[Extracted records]
^^^^

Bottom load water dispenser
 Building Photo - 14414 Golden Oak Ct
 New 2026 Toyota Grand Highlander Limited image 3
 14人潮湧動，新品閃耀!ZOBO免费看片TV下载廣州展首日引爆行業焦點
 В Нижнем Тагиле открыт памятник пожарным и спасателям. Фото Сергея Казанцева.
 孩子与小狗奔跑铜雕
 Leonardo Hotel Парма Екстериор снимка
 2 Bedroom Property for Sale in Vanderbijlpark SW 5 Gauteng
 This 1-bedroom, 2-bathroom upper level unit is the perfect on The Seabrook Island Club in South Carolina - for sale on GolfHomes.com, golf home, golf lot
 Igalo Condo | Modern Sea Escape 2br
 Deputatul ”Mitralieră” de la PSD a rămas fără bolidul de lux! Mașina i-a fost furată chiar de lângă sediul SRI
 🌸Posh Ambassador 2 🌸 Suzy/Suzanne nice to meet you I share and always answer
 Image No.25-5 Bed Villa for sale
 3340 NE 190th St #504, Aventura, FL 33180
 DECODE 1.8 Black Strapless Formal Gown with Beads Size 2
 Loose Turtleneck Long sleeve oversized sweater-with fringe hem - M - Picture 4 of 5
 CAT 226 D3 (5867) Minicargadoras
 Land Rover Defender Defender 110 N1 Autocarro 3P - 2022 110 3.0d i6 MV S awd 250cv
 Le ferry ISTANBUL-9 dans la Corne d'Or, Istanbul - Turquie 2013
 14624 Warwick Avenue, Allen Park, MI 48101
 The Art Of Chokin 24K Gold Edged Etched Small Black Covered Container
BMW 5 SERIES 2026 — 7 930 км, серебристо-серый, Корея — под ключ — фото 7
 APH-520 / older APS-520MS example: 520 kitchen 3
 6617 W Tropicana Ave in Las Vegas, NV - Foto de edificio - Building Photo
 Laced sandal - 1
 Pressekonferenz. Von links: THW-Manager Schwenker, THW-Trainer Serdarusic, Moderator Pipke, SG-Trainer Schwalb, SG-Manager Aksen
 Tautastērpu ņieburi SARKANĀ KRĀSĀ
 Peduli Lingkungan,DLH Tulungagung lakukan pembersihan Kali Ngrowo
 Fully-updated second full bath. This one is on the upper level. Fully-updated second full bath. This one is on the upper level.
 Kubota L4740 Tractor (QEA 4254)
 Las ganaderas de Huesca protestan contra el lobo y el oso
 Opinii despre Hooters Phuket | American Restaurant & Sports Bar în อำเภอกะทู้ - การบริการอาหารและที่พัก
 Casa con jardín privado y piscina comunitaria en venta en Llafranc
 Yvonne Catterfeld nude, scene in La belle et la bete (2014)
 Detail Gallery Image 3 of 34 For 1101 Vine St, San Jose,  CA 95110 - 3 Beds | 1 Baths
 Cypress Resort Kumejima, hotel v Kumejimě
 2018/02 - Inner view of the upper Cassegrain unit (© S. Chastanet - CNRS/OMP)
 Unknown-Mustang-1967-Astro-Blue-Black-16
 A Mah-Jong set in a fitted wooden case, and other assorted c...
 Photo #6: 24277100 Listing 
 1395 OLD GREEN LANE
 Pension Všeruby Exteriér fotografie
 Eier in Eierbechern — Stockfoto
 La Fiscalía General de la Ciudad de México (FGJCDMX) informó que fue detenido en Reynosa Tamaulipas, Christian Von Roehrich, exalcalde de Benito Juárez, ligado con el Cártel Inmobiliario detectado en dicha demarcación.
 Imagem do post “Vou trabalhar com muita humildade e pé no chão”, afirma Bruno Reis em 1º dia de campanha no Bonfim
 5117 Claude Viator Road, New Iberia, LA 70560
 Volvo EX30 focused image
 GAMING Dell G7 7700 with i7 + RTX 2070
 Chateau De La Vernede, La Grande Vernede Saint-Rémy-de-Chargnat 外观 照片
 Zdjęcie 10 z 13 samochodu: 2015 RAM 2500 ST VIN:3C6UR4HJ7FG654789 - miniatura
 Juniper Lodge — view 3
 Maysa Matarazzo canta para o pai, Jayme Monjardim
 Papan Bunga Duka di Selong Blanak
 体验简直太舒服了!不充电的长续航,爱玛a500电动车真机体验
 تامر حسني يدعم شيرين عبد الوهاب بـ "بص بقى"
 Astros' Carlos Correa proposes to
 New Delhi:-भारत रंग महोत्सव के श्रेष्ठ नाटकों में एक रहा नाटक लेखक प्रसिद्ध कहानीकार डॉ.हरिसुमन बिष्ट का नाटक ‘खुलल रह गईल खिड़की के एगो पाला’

^^^^

Task:
Give each entry again, spelled exactly as shown.

Task solution:
Bottom load water dispenser
 Building Photo - 14414 Golden Oak Ct
 New 2026 Toyota Grand Highlander Limited image 3
 14人潮湧動，新品閃耀!ZOBO免费看片TV下载廣州展首日引爆行業焦點
 В Нижнем Тагиле открыт памятник пожарным и спасателям. Фото Сергея Казанцева.
 孩子与小狗奔跑铜雕
 Leonardo Hotel Парма Екстериор снимка
 2 Bedroom Property for Sale in Vanderbijlpark SW 5 Gauteng
 This 1-bedroom, 2-bathroom upper level unit is the perfect on The Seabrook Island Club in South Carolina - for sale on GolfHomes.com, golf home, golf lot
 Igalo Condo | Modern Sea Escape 2br
 Deputatul ”Mitralieră” de la PSD a rămas fără bolidul de lux! Mașina i-a fost furată chiar de lângă sediul SRI
 🌸Posh Ambassador 2 🌸 Suzy/Suzanne nice to meet you I share and always answer
 Image No.25-5 Bed Villa for sale
 3340 NE 190th St #504, Aventura, FL 33180
 DECODE 1.8 Black Strapless Formal Gown with Beads Size 2
 Loose Turtleneck Long sleeve oversized sweater-with fringe hem - M - Picture 4 of 5
 CAT 226 D3 (5867) Minicargadoras
 Land Rover Defender Defender 110 N1 Autocarro 3P - 2022 110 3.0d i6 MV S awd 250cv
 Le ferry ISTANBUL-9 dans la Corne d'Or, Istanbul - Turquie 2013
 14624 Warwick Avenue, Allen Park, MI 48101
 The Art Of Chokin 24K Gold Edged Etched Small Black Covered Container
BMW 5 SERIES 2026 — 7 930 км, серебристо-серый, Корея — под ключ — фото 7
 APH-520 / older APS-520MS example: 520 kitchen 3
 6617 W Tropicana Ave in Las Vegas, NV - Foto de edificio - Building Photo
 Laced sandal - 1
 Pressekonferenz. Von links: THW-Manager Schwenker, THW-Trainer Serdarusic, Moderator Pipke, SG-Trainer Schwalb, SG-Manager Aksen
 Tautastērpu ņieburi SARKANĀ KRĀSĀ
 Peduli Lingkungan,DLH Tulungagung lakukan pembersihan Kali Ngrowo
 Fully-updated second full bath. This one is on the upper level. Fully-updated second full bath. This one is on the upper level.
 Kubota L4740 Tractor (QEA 4254)
 Las ganaderas de Huesca protestan contra el lobo y el oso
 Opinii despre Hooters Phuket | American Restaurant & Sports Bar în อำเภอกะทู้ - การบริการอาหารและที่พัก
 Casa con jardín privado y piscina comunitaria en venta en Llafranc
 Yvonne Catterfeld nude, scene in La belle et la bete (2014)
 Detail Gallery Image 3 of 34 For 1101 Vine St, San Jose,  CA 95110 - 3 Beds | 1 Baths
 Cypress Resort Kumejima, hotel v Kumejimě
 2018/02 - Inner view of the upper Cassegrain unit (© S. Chastanet - CNRS/OMP)
 Unknown-Mustang-1967-Astro-Blue-Black-16
 A Mah-Jong set in a fitted wooden case, and other assorted c...
 Photo #6: 24277100 Listing 
 1395 OLD GREEN LANE
 Pension Všeruby Exteriér fotografie
 Eier in Eierbechern — Stockfoto
 La Fiscalía General de la Ciudad de México (FGJCDMX) informó que fue detenido en Reynosa Tamaulipas, Christian Von Roehrich, exalcalde de Benito Juárez, ligado con el Cártel Inmobiliario detectado en dicha demarcación.
 Imagem do post “Vou trabalhar com muita humildade e pé no chão”, afirma Bruno Reis em 1º dia de campanha no Bonfim
 5117 Claude Viator Road, New Iberia, LA 70560
 Volvo EX30 focused image
 GAMING Dell G7 7700 with i7 + RTX 2070
 Chateau De La Vernede, La Grande Vernede Saint-Rémy-de-Chargnat 外观 照片
 Zdjęcie 10 z 13 samochodu: 2015 RAM 2500 ST VIN:3C6UR4HJ7FG654789 - miniatura
 Juniper Lodge — view 3
 Maysa Matarazzo canta para o pai, Jayme Monjardim
 Papan Bunga Duka di Selong Blanak
 体验简直太舒服了!不充电的长续航,爱玛a500电动车真机体验
 تامر حسني يدعم شيرين عبد الوهاب بـ "بص بقى"
 Astros' Carlos Correa proposes to
 New Delhi:-भारत रंग महोत्सव के श्रेष्ठ नाटकों में एक रहा नाटक लेखक प्रसिद्ध कहानीकार डॉ.हरिसुमन बिष्ट का नाटक ‘खुलल रह गईल खिड़की के एगो पाला’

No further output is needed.